Does Cr 3+ Occupy Tetrahedral Sites and Luminesce in Oxides? A First-Principles Exploration.

The Cr 3+ activators have been adopted to produce desired near-infrared broadband emission via ligand field engineering by choosing hosts with appropriate sites. First-principles calculations help to analyze the site, valence, and luminescent mechanism of the activators. Our calculations on Mg 2 Al 4 Si 5 O 18 :Cr elucidate that the activators are dominated by Cr 3+ at tetrahedral Al and octahedral Mg sites, while the experimentally reported near-infrared emission previously assigned to tetrahedral sites is actually produced by Cr 3+ at the octahedral site.
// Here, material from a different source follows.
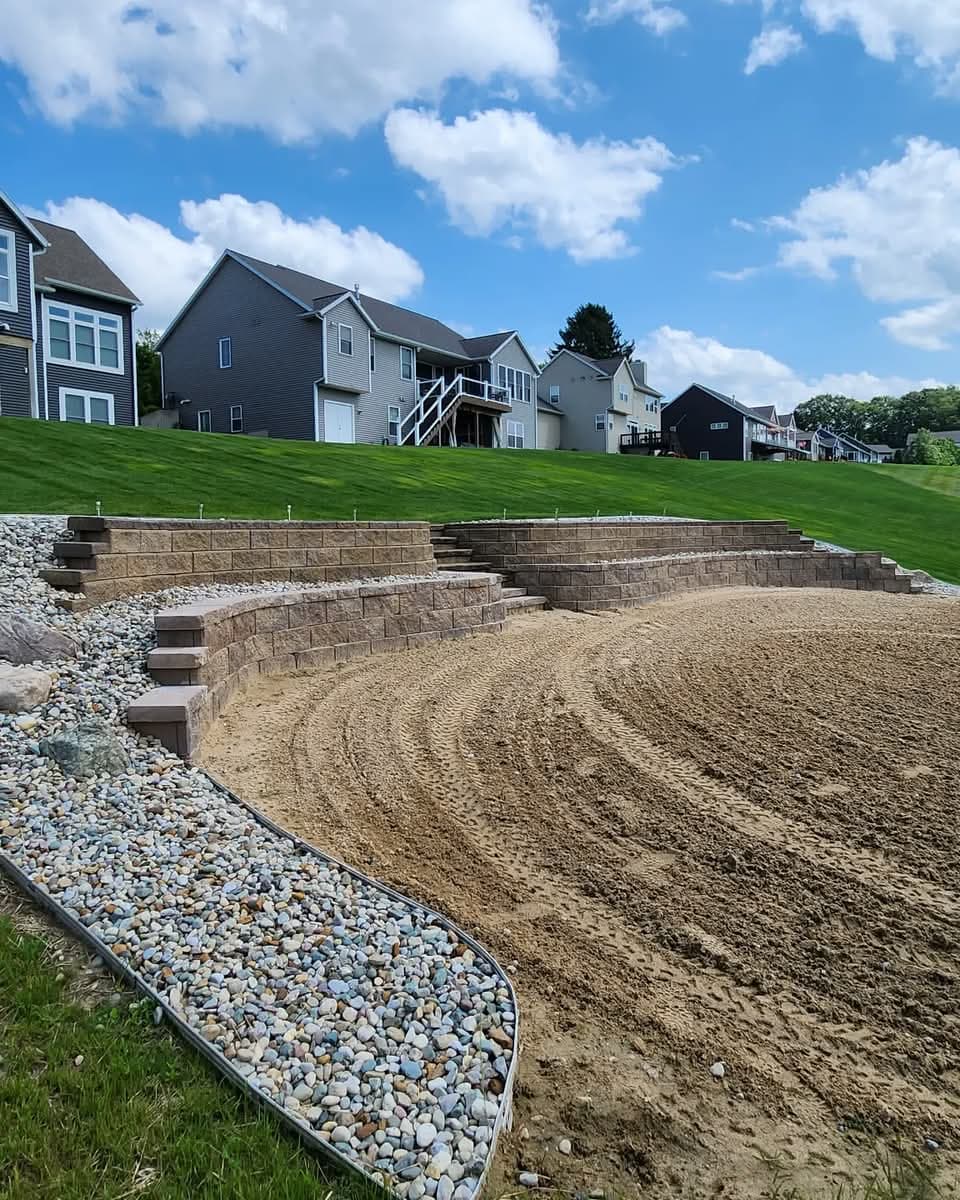 Curved multi-tier retaining wall with river rock edging and graded soil, houses on a green hillside behind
Meanwhile, our results show that the emission energies of Cr 3+ activators at octahedral sites can be well predicted. Moreover, further calculations show that the quenching of the 4 T 2 → 4 T 1 transition of Cr 3+ at a tetrahedral site is general due to nonradiative relaxation pathways mediated by sublevels split off from the 4 T 1 multiplet states by intrinsic or Jahn-Teller distortions. Our work shows that the sophisticated first-principles calculations put together here can be effective in exploring Cr 3+ and potentially more general activators in crystals, which benefit the design and optimization of luminescent materials.